• TRY IT: Please count how many lines below contain the word "Hotel" and reply with only that number.

Dataset items:

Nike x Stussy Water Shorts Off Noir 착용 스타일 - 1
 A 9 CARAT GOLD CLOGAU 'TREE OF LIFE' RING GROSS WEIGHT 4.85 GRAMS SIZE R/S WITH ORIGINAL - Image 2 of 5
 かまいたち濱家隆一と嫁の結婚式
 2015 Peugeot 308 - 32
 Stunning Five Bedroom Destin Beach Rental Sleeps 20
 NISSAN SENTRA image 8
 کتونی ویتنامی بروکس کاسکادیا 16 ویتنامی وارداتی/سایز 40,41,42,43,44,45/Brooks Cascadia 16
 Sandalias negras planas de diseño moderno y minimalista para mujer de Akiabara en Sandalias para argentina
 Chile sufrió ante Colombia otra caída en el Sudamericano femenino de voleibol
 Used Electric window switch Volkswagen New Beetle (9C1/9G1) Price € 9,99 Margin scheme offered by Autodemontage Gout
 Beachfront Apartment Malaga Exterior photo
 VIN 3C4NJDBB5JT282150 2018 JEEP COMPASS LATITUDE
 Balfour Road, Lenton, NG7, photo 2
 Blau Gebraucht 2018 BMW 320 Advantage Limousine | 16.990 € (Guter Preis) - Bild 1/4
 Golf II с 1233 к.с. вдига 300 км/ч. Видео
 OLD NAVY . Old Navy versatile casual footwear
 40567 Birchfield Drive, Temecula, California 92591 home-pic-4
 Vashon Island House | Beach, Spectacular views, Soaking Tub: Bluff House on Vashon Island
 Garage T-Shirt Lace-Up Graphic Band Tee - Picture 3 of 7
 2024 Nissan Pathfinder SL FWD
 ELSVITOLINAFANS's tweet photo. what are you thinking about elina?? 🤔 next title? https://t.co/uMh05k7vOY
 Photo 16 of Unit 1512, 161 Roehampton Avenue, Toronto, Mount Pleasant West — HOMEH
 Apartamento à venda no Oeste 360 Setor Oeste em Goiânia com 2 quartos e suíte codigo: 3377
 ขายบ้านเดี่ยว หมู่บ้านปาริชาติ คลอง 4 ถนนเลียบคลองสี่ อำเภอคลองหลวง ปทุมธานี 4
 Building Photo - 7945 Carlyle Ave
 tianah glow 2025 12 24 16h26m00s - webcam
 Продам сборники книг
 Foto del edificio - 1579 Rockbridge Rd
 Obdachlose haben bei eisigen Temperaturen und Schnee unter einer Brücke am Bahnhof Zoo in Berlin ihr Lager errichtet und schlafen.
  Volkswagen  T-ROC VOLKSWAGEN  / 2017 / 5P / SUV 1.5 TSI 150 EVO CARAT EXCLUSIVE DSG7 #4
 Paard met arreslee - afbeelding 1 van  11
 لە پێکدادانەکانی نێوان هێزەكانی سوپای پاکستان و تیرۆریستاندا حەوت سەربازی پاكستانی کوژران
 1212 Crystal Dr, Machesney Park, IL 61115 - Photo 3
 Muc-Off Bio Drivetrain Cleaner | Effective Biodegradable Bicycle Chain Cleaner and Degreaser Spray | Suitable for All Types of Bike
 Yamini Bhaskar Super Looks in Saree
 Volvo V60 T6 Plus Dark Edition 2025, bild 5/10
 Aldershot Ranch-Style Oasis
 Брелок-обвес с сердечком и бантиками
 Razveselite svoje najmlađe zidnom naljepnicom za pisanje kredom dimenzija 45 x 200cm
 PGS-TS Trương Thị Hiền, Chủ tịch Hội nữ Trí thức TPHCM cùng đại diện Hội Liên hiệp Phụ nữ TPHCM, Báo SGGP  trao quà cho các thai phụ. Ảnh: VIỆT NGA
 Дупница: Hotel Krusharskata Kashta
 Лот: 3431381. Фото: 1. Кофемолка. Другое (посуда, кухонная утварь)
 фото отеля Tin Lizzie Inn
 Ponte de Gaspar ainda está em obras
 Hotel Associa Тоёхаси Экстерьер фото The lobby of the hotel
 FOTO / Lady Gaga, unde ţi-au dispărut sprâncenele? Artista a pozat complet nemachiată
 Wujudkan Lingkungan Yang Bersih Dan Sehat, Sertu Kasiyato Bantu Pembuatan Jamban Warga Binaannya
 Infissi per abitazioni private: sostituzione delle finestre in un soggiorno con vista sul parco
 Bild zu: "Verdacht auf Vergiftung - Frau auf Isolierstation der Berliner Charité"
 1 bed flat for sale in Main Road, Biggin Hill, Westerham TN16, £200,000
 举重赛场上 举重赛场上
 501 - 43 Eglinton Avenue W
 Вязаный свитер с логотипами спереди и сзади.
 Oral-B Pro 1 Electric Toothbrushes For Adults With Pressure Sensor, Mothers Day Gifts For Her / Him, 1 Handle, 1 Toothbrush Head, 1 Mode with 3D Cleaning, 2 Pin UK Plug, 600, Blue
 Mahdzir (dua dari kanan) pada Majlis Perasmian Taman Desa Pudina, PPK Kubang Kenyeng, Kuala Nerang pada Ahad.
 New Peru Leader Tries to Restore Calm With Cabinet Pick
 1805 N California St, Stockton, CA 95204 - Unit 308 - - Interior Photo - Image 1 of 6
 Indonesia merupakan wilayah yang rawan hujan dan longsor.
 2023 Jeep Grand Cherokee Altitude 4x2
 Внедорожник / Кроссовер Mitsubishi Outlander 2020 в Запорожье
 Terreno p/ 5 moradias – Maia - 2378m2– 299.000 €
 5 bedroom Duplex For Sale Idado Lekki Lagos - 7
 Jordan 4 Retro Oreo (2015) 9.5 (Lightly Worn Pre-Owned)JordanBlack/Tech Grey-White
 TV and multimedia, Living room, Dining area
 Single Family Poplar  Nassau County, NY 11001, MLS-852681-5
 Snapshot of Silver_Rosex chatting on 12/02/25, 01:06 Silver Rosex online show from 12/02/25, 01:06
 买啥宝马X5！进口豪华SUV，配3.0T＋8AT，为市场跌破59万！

• RESULT OF THIS TASK: 2